Your objective — Only the lines from the one that includes "Mentos Pure Fresh" through the last line below belong in the reply, copied exactly and without pictures.

Saved data entries —

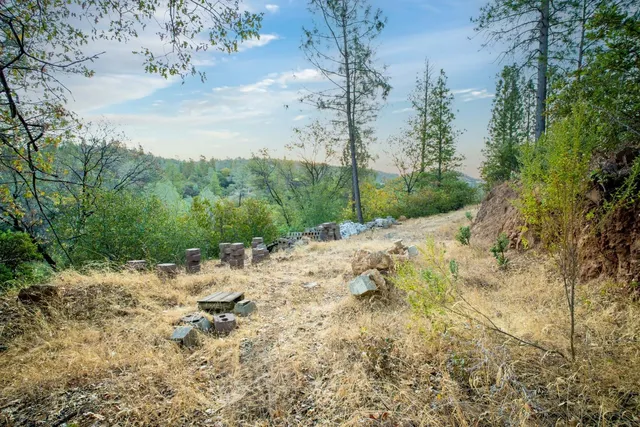 a view of a bunch of trees and bushes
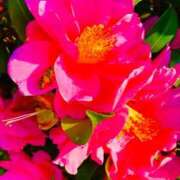 ヒメ日記 2025/07/06 09:02 投稿 愛田いずみ 恋する奥さん 西中島店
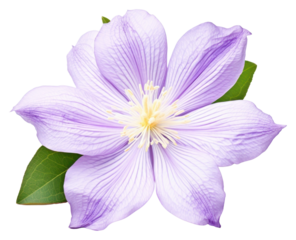 PNG Kings mantle flower blossom purple petal.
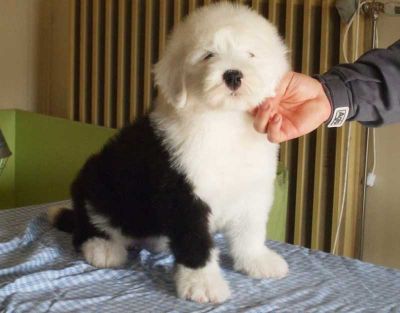 macho e fêmea filhotes para adoção Bobtail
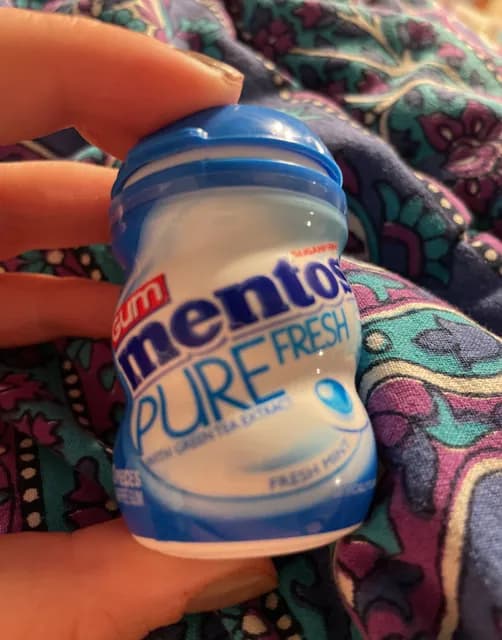 Mentos Pure Fresh Fresh Mint Gum With Green Tea Extract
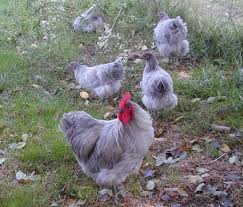 Check spelling or type a new query. Auction Id End Time N A Chickens Backyard Breeds Beautiful Chickens Chickens Backyard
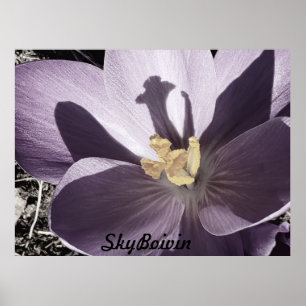sleepy Crocus Poster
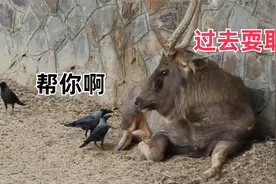 四川话搞笑配音：仙人板板，莫夺了啊！视频封面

Answer section —
 Mentos Pure Fresh Fresh Mint Gum With Green Tea Extract
 Check spelling or type a new query. Auction Id End Time N A Chickens Backyard Breeds Beautiful Chickens Chickens Backyard
sleepy Crocus Poster
 四川话搞笑配音：仙人板板，莫夺了啊！视频封面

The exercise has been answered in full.